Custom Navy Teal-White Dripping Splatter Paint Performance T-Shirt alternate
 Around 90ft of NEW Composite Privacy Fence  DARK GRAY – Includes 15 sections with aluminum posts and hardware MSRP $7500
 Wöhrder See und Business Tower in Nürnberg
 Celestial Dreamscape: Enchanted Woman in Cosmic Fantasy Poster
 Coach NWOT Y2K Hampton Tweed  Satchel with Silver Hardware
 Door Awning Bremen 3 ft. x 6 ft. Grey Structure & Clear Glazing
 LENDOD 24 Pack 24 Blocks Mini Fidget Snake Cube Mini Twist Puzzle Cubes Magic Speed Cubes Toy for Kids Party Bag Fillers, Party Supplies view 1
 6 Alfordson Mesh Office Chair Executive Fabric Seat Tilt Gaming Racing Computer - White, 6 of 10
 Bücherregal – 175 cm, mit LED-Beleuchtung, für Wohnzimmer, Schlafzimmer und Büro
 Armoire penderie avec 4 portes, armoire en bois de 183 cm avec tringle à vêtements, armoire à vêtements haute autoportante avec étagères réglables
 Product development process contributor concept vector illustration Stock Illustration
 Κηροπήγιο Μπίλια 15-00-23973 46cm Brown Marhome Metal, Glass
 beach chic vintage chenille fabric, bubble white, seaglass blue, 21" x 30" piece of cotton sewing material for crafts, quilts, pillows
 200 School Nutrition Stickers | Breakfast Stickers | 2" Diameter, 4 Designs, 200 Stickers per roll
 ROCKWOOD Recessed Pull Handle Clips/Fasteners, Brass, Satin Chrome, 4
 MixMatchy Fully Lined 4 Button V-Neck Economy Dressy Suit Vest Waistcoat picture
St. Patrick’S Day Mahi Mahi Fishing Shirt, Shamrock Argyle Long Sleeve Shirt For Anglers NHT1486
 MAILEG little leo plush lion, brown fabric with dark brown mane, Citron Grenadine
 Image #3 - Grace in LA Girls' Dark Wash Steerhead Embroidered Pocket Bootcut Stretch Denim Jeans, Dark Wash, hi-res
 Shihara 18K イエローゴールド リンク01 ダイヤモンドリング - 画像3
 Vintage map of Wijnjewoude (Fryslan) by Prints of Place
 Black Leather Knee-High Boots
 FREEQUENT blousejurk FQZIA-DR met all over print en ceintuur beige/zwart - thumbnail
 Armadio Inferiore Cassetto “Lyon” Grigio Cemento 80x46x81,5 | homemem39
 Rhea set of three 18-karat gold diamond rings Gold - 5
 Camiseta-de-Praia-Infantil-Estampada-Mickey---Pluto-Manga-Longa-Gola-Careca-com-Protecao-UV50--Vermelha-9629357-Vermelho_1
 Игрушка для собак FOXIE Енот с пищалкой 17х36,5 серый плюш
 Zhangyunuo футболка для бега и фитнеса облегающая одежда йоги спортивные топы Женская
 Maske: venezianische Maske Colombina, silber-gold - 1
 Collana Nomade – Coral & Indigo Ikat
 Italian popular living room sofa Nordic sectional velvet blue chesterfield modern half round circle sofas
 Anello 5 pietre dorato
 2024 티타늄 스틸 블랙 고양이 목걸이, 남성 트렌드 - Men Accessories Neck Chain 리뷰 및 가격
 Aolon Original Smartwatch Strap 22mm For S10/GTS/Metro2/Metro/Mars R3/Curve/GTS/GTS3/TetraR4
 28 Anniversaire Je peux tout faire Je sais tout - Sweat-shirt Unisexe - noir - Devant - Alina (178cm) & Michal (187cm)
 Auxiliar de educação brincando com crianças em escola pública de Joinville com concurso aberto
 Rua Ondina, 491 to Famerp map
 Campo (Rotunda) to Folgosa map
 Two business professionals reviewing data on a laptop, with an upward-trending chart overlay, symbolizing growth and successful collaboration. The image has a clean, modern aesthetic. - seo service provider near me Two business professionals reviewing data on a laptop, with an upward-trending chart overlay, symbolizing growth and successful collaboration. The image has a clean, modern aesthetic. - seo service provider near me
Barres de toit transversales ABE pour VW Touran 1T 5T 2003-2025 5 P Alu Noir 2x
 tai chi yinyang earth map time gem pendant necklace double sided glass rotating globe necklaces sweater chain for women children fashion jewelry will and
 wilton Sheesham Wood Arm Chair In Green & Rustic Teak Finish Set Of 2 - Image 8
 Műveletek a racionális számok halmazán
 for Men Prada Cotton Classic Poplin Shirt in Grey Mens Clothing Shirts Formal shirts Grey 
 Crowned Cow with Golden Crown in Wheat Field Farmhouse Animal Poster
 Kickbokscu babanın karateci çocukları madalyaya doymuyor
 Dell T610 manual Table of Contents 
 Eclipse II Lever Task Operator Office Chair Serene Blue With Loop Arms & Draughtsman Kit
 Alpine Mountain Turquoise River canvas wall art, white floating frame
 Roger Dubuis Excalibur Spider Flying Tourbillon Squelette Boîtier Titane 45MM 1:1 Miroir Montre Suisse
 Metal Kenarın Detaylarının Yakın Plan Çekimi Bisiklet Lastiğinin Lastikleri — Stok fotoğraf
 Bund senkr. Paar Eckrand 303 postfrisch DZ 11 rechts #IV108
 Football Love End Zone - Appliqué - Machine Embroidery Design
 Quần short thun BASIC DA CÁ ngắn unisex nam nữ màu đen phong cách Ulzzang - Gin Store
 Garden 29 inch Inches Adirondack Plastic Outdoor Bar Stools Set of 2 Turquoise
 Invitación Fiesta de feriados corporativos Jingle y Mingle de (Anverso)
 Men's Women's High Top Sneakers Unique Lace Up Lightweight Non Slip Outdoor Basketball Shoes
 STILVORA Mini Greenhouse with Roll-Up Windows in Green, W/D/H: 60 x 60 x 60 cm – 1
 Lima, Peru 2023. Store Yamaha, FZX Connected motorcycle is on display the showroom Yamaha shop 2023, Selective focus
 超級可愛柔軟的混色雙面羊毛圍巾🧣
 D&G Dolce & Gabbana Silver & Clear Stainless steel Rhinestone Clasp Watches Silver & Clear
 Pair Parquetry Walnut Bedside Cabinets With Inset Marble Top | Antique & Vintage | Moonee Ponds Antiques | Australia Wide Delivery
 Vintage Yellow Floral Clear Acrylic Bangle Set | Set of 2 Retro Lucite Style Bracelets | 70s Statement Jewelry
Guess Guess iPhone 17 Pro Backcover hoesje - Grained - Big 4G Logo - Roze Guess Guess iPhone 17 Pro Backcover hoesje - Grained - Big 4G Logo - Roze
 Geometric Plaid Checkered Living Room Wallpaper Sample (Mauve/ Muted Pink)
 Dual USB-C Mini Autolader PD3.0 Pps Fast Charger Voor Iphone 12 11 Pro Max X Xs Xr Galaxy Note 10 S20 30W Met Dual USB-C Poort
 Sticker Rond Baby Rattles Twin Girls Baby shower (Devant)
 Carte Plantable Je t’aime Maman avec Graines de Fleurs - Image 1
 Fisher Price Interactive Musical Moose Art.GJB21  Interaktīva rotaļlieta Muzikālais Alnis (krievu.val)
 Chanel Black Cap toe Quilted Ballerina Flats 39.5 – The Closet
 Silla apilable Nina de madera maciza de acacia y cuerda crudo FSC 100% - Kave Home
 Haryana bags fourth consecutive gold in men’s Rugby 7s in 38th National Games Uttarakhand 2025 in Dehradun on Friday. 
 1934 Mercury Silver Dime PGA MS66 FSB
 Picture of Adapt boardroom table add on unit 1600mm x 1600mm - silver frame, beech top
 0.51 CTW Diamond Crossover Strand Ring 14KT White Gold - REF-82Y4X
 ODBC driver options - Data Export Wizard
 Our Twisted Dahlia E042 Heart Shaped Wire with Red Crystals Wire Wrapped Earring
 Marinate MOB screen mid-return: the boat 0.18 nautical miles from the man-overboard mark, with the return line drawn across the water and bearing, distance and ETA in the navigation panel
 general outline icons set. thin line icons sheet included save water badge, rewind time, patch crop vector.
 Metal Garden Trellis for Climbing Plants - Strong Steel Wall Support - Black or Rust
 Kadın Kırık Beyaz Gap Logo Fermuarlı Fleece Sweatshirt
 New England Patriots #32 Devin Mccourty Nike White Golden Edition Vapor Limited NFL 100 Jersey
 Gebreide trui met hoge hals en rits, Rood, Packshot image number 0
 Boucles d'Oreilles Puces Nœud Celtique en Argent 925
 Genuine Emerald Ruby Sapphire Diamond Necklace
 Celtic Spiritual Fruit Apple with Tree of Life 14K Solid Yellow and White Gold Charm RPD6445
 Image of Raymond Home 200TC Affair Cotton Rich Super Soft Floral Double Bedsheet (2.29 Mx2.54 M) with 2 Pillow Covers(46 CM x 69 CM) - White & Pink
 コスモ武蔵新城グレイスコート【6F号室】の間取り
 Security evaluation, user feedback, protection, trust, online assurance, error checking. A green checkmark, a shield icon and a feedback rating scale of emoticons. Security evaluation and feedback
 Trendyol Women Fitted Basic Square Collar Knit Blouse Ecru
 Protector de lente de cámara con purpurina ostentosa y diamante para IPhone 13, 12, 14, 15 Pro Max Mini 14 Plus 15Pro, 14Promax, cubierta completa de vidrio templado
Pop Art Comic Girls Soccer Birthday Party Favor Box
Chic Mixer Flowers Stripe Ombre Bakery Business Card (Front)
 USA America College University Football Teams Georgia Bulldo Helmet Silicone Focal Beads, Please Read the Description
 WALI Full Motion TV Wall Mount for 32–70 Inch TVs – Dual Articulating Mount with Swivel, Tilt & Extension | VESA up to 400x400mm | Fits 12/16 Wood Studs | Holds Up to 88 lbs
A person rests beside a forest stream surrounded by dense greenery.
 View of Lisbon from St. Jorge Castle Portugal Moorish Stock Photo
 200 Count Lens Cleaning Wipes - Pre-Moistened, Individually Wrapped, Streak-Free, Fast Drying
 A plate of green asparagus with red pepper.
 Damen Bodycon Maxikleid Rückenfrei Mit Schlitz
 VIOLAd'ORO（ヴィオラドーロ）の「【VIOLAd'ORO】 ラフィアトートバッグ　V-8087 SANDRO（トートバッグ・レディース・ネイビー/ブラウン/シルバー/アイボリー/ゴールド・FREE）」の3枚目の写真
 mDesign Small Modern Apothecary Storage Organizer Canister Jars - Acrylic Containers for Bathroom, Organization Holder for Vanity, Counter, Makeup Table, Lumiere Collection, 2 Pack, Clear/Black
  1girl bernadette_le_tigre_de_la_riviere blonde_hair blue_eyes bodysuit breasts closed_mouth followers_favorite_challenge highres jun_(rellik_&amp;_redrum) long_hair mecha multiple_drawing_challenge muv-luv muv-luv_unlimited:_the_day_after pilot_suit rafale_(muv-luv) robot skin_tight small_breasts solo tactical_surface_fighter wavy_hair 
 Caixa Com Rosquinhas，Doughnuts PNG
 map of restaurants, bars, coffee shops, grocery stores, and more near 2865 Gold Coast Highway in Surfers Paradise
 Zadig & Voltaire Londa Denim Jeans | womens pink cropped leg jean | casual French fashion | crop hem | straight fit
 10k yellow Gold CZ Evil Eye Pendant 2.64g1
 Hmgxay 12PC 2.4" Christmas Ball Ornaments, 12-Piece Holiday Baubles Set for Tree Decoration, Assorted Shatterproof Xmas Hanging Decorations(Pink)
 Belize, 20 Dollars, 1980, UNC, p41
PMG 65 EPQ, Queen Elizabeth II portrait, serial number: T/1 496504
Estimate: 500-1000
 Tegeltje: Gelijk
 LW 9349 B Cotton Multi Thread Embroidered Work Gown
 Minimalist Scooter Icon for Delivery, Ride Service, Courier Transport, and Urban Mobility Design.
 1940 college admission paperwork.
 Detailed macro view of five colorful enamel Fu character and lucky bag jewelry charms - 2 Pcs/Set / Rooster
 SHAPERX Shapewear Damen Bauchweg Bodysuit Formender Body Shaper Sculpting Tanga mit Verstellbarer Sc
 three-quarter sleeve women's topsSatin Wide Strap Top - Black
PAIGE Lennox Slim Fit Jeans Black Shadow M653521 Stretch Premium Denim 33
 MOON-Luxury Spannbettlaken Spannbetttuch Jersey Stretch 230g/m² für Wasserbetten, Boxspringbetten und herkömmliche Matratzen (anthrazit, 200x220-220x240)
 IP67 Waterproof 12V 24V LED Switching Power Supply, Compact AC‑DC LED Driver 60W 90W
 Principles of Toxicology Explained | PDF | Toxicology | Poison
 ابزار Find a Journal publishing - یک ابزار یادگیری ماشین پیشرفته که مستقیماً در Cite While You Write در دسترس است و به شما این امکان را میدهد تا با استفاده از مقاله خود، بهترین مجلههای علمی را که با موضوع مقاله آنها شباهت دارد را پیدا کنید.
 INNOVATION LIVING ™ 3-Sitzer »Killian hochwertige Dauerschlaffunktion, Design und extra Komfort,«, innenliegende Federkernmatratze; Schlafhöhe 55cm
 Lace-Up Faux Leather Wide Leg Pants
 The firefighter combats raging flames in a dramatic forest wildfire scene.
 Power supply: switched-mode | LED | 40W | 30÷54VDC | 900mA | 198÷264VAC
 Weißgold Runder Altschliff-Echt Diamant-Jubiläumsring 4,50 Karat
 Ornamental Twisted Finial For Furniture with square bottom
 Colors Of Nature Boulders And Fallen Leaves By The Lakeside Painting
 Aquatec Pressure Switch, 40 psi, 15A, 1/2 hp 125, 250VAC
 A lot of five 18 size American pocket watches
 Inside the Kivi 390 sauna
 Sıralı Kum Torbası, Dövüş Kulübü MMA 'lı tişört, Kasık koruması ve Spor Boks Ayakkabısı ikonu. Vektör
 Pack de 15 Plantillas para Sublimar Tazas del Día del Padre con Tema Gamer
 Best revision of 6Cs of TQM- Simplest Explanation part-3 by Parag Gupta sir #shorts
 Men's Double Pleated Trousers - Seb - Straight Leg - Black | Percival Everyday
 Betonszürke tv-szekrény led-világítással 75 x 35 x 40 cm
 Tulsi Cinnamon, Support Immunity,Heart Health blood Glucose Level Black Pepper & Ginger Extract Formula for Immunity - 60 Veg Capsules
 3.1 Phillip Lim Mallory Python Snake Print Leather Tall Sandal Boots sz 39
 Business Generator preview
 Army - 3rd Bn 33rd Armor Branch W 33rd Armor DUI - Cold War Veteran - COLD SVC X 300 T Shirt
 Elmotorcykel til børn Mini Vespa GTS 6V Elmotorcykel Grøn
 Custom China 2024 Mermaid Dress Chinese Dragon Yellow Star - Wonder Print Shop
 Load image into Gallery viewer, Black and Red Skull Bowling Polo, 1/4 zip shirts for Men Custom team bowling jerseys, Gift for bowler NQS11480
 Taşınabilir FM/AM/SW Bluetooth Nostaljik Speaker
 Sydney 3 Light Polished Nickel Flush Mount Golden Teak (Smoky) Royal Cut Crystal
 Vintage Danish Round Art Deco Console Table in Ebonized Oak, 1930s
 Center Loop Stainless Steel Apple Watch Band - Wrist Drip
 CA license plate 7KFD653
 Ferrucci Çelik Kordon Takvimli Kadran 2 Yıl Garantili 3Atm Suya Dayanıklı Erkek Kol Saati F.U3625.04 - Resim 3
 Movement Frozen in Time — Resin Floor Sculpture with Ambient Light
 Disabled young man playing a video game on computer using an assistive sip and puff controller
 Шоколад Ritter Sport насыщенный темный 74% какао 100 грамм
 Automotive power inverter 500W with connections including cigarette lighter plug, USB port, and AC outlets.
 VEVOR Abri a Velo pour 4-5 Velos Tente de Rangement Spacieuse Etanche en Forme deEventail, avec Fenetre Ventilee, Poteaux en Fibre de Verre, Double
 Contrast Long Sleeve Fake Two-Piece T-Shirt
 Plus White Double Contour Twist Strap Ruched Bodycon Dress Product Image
::::::
**Work order:** Among the records, find all lines that include the string "Heart" and return them.

**Response box:**
 Our Twisted Dahlia E042 Heart Shaped Wire with Red Crystals Wire Wrapped Earring
 Tulsi Cinnamon, Support Immunity,Heart Health blood Glucose Level Black Pepper & Ginger Extract Formula for Immunity - 60 Veg Capsules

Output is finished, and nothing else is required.